Notowania kontraktu CAL26 na gaz polskiej TGE najniższy poziom odnotowały w poniedziałek z ceną rozliczeniową równą 166,56 PLN/MWh. Później nastąpił systematyczny wzrost CAL26 do prawie 170 PLN/MWh w środę. W tygodniu liczonym od 3 lipca, gaz zajmuje 4. miejsce w strukturze wytworzenia z wynikiem 338 GWh (+8% t/t). Jednocześnie jednostki gazowe wyprzedziły pod względem produkcji lądowe farmy wiatrowe w ostatnich 7 dniach.
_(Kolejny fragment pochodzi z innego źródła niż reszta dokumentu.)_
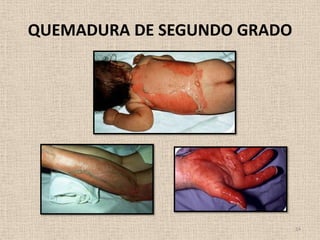 QUEMADURA DE SEGUNDO GRADO




                             14
 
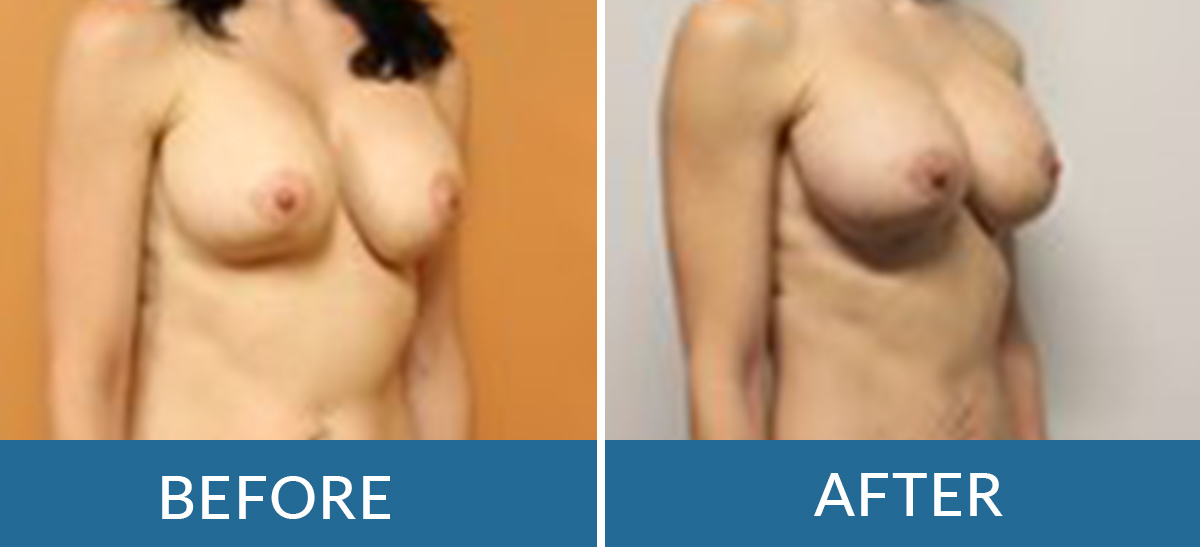 before and after photos of fat transfer surgery with BSSNY plastic surgeons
Informacje agencji Argus wskazują na rezygnację z opłaty gazowej (wprowadzonej w ramach projektu ustawy zarządzania zapasem obowiązkowym przez RARS). Dotychczasowy projekt zakładał ustalenie wysokości opłaty gazowej (przeniesionej przez spółki energetyczne na finalnych odbiorców) przez Ministerstwo Przemysłu, bez górnego limitu. Jednak w ocenie organizacji branżowych- dla największych odbiorców przemysłowych oznaczałoby to nawet kilka milionów złotych dodatkowych kosztów (przy opłacie 10 PLN/MWh oraz zużyciu rocznym ok. 100 mln m3 gazu).
Źródła danych w publikacji: Reuters (LSEG), Bloomberg, Gassco, Bruegel, IEA, Montel, Kpler, TGE, Oilprice, GIE AGSI, Forum Energii, Argus.